After the public notice period or the public hearing, if required under subdivision 3, and based on the petition, any public comments received, and, if a hearing was held, the hearing record, the chief administrative law judge shall make findings of fact and conclusions determining whether the conditions requisite for the creation of a district exist in the territory described in the petition. If the chief administrative law judge finds that the conditions exist, the judge may make an order creating a district for the territory described in that petition under the name proposed in the petition or such other name, including the words "sanitary district," as the judge deems appropriate.
If the chief administrative law judge, after conclusion of the public notice period or holding a hearing, if required, determines that the creation of a district in the territory described in the petition is not warranted, the judge shall make an order denying the petition. The chief administrative law judge shall give notice of the denial by mail or e-mail to each signer of the petition. No petition for the creation of a district consisting of the same territory shall be entertained within one year after the date of an order under this subdivision. Nothing in this subdivision precludes action on a petition for the creation of a district embracing part of the territory with or without other territory.
The chief administrative law judge shall publish a notice of the final order creating a sanitary district in a newspaper of general circulation within the territory of the proposed district, and shall mail or e-mail a notice of the final order creating a sanitary district to each property owner in the affected territory at the owner's address as given by the county auditor. The notice must:
(1) describe the petition for creation of the district;
(2) describe the territory affected by the petition; and
(3) state that a certified copy of the order shall be delivered to the secretary of state for filing ten days after publication of the order.
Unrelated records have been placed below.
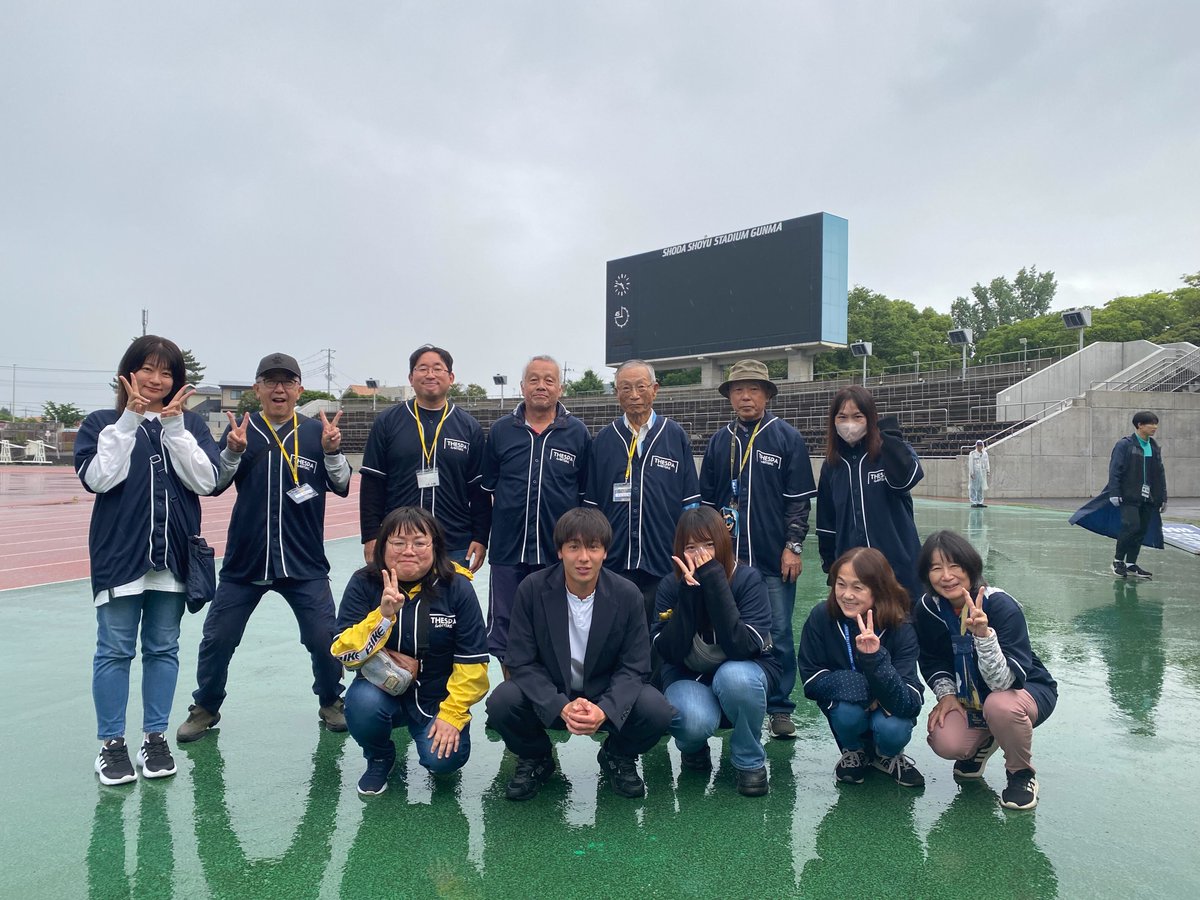OfficialThespa's tweet photo. 【第14節vs #アスルクラロ沼津 】
#設営撤収応援隊
#ボールパーソン(高崎商業高校サッカー部)
#運営サポートスタッフ
の皆さんにご協力いただきました。
今節も荒天の中、長時間のサポート本当にありがとうございました🙇
#thespa #ザスパ群馬 #ChasinGlory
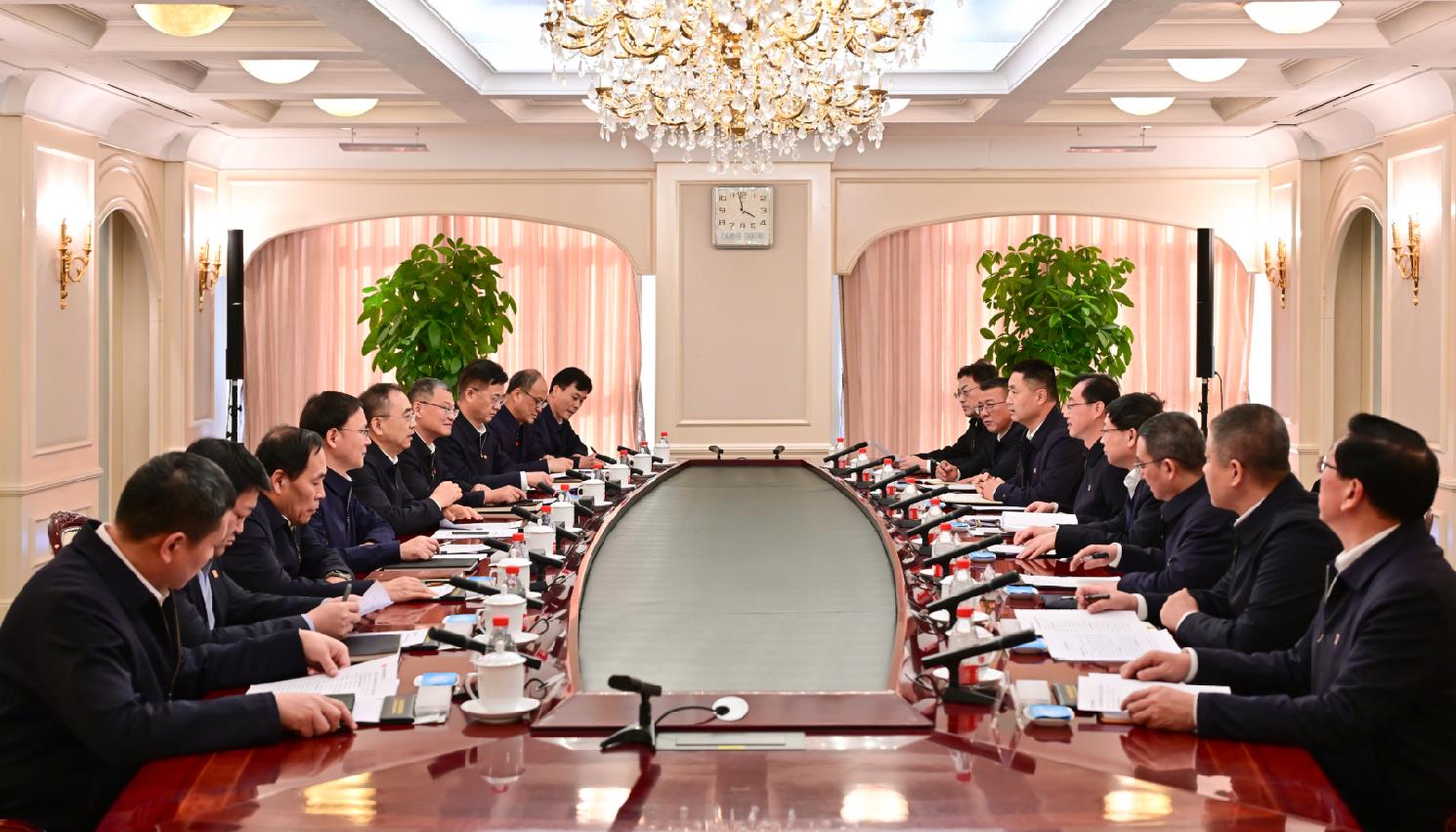 大唐集團董事長鄒磊、總經(jīng)理張傳江與中國安能董事長陳奕輝、總經(jīng)理周慶豐會談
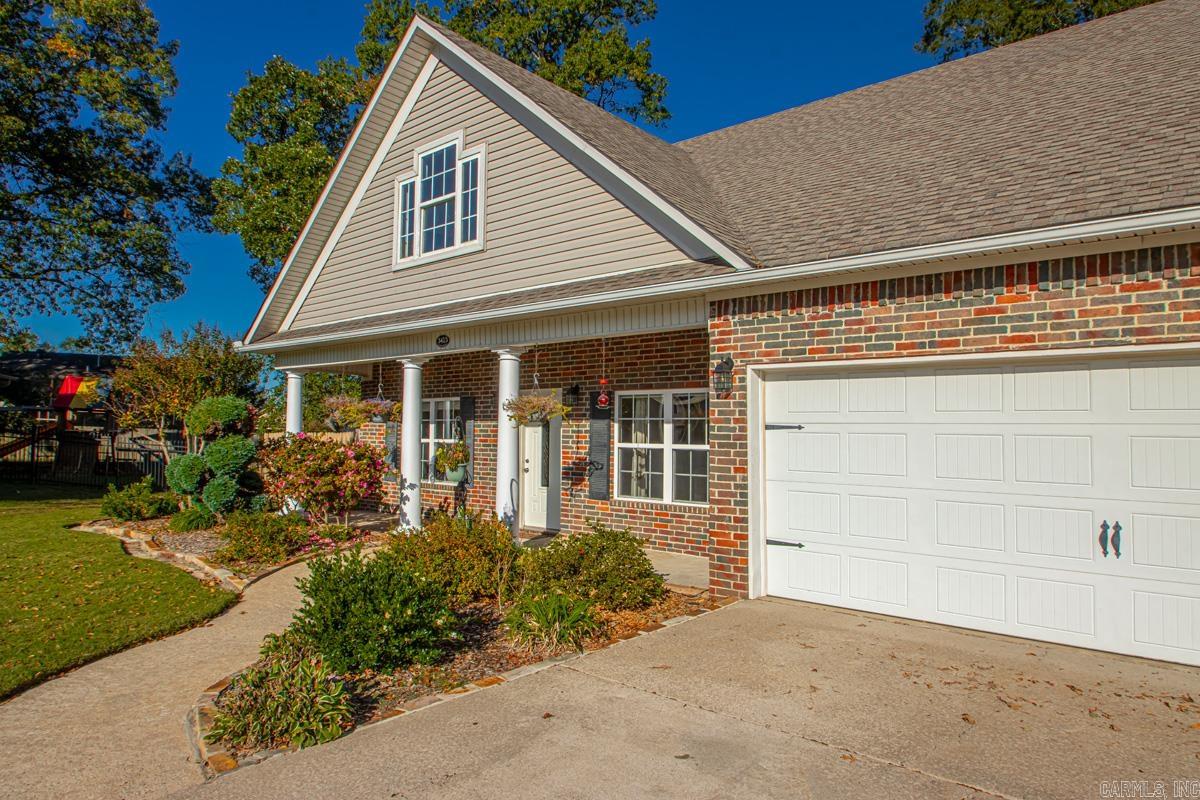 MEADOWLAKE - Residential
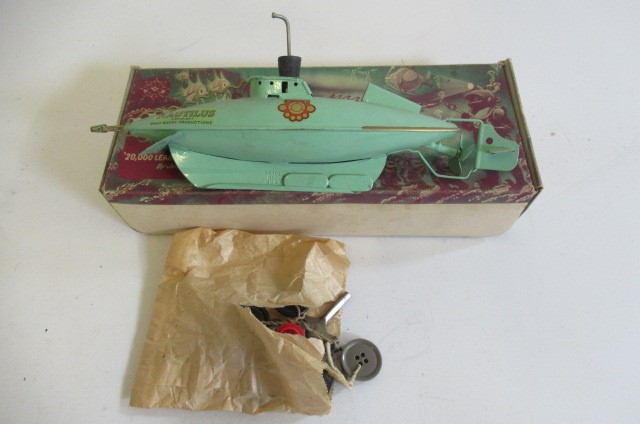 Sutcliffe Nautilus clockwork submarine with keys and extra bung Image
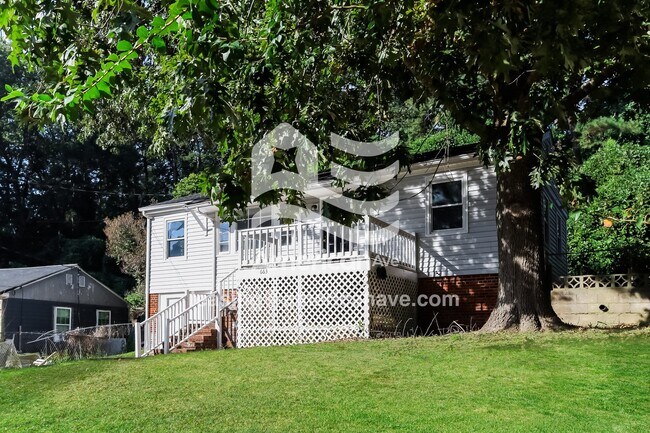 Foto del edificio - 663 Seymour Dr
Ten days after publication of the order, the chief administrative law judge shall deliver a certified copy of the order to the secretary of state for filing. Thereupon, the creation of the district is deemed complete, and it shall be conclusively presumed that all requirements of law relating thereto have been complied with. The chief administrative law judge shall also transmit a certified copy of the order for filing to the county auditor of each county and the clerk or recorder of each municipality and organized town wherein any part of the territory of the district is situated and to the secretary of the district board when elected.